Я заявил, что не считаю, что генерал Лахузен считывал свои показания со специально подготовленного листа и что в конечном итоге речь идет лишь о правдивости свидетельских показаний. Кейтель же продолжал апеллировать к «чести офицера», в чем особого смысла не было.
Позже я имел еще одну беседу с Лахузеном, и он заметил:
— Теперь они все горазды рассуждать о чести офицера, и это после тот, как они же уничтожили миллионы людей! Сомнений нет, для них малоприятно, когда вот так вдруг выискивается тот, кто может высказать им в лицо невкусную правду. А я просто обязан высказать ее от имени тех, кого они погубили. Я ведь один уцелел.
Послеобеденное заседание.
На послеобеденном заседании Лахузен с полной драматизма энергией ответил на все поставленные ему вопросы. Он рассказал о том, как отдавались и исполнялись приказы о массовых убийствах коммунистов и евреев в период войны с Россией, как военнопленные и гражданские лица были казнены СС, гестапо и эйнзатцкомандами СС. Результатом такого бесчеловечного обращения с военнопленными стали вспышки эпидемических заболеваний, гибель людей в результате истощения и каннибализма. Ответственность за происходившее в лагерях военнопленных Лахузен возложил на Кейтеля, в то время как казни попадали под полномочия гиммлеровского РСХА,[6] руководимого Кальтенбруннером. Был затронут и эпизод, когда Кейтель по настоянию Гитлера отдал распоряжение задержать и казнить совершившего побег генерала Жиро.

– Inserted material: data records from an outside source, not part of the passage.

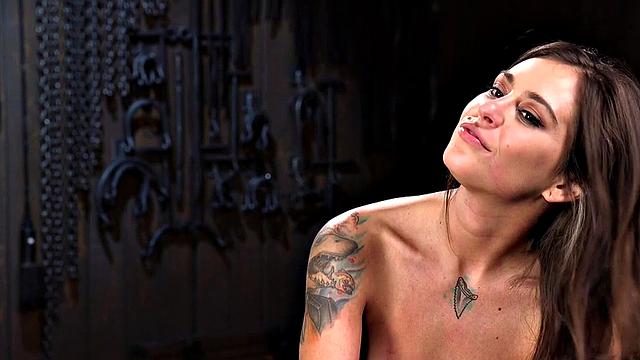 Госпожа связывает подчинённую, ставит прищепки и затыкает рот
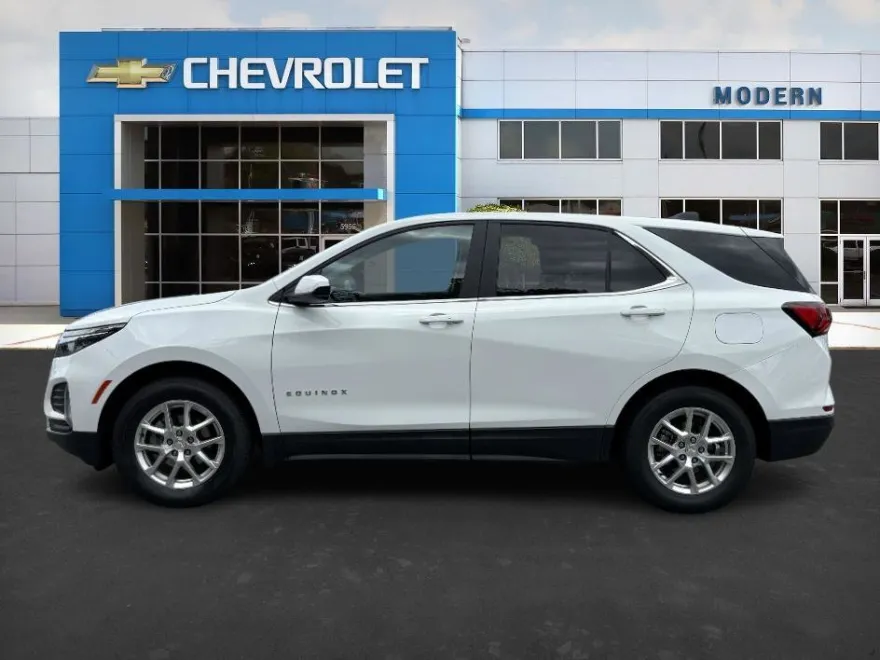 2023 Chevrolet Equinox LT photo 1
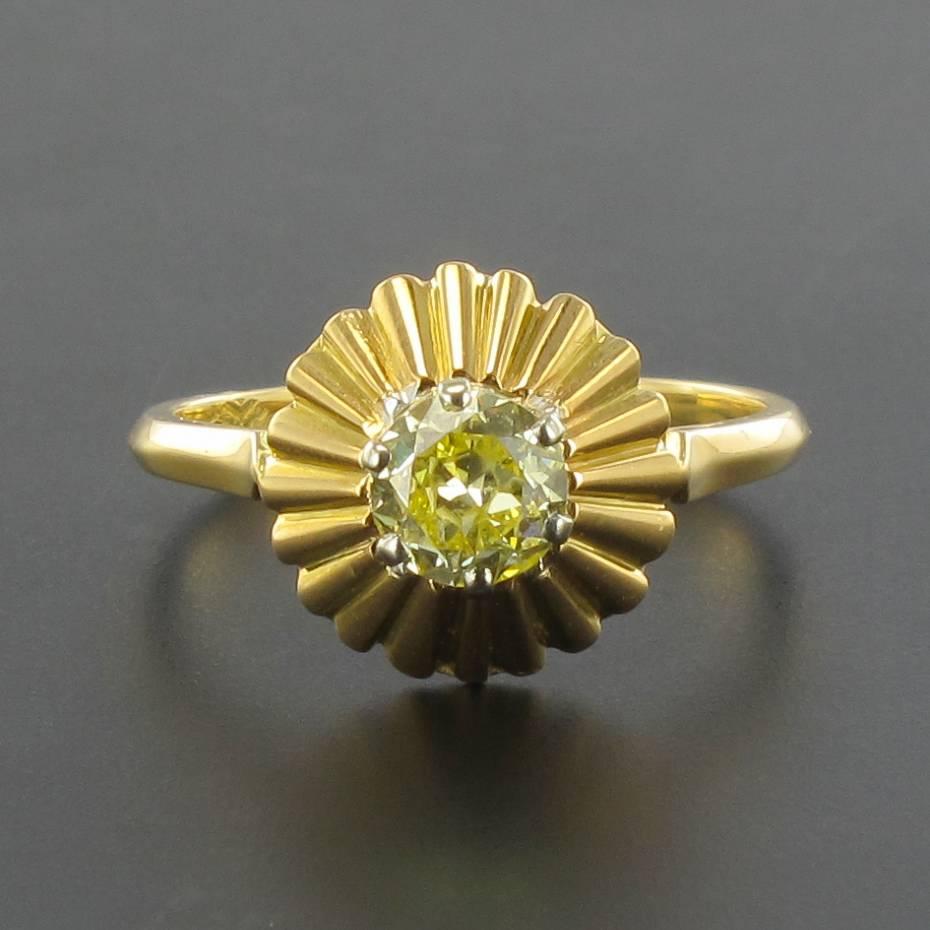 0.50 Carat Fancy Yellow Diamond Gold Solitaire Ring  In Excellent Condition In Poitiers, FR
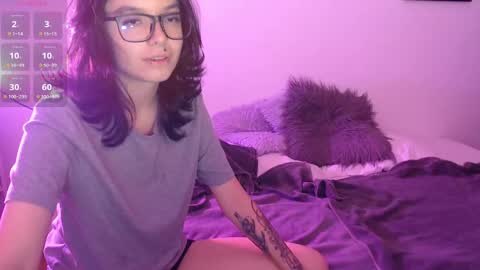 Phia And Luna online show from October 2025 03:39:02 AM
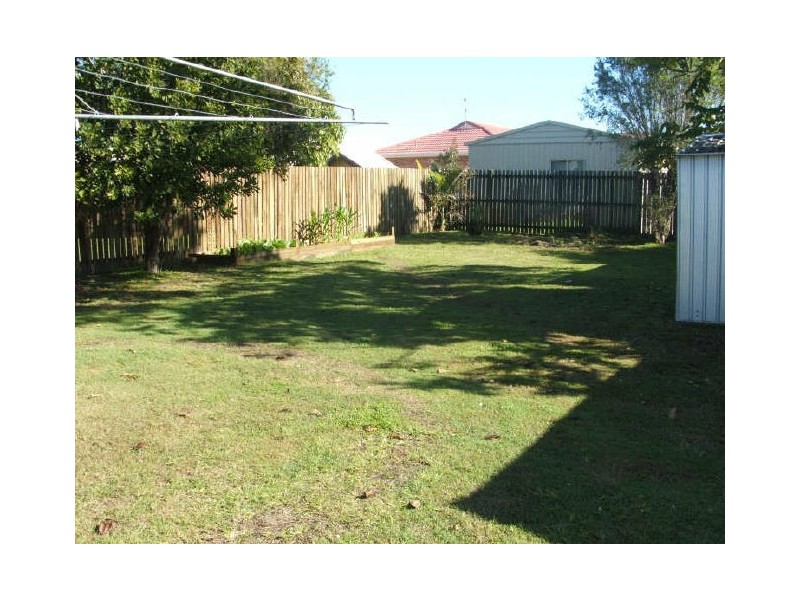 27 Tapscott Street, Tinana QLD 4650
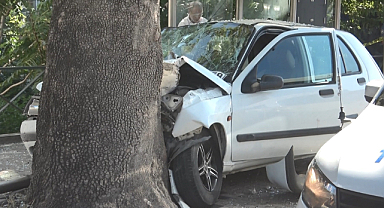 Otomobil otobüs durağına daldı: 1'i ağır 3 yaralı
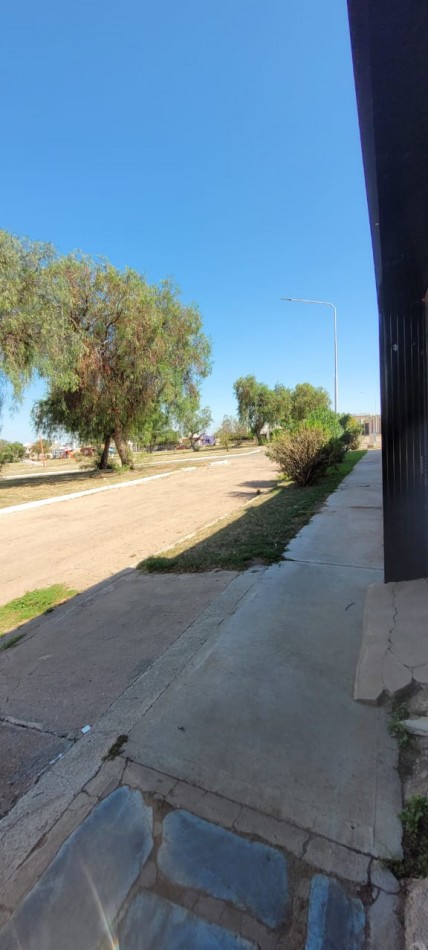 CASA EN VENTA EN LOS LAPACHOS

Лахузен и Канарис саботировали этот приказ, им самим почти чудом удалось избежать за это ответственности лишь благодаря внезапной гибели Гейдриха в результате покушения.
Во время обеденного перерыва Риббентроп передал своему защитнику записку с вопросами, на что тот ответил Риббентропу:
— Не заставляйте нас задавать столько вопросов, он рикошетом отсылает их к нам, присовокупив при этом кое-какие неприятные для вас обстоятельства.
— Ну, так отбросьте те из них, которые, по вашему мнению, усугубят нашу вину, — нервно ответил Риббентроп.
Сразу же после обеда суд собрался на чрезвычайное заседание для обсуждения вопроса о том, в состоянии ли Гесс обеспечить себе защиту. После того как остальные обвиняемые покинули зал судебных заседаний, я приступил к беседе с Гессом. Я разъяснил ему, что существует вероятность того, что будет объявлено о его недееспособности и он будет освобожден от дачи показаний. И все же я буду периодически навещать его в его камере. У меня создалось впечатление, что эта новость расстроила его, и он заявил, что в состоянии сам обеспечить для себя защиту.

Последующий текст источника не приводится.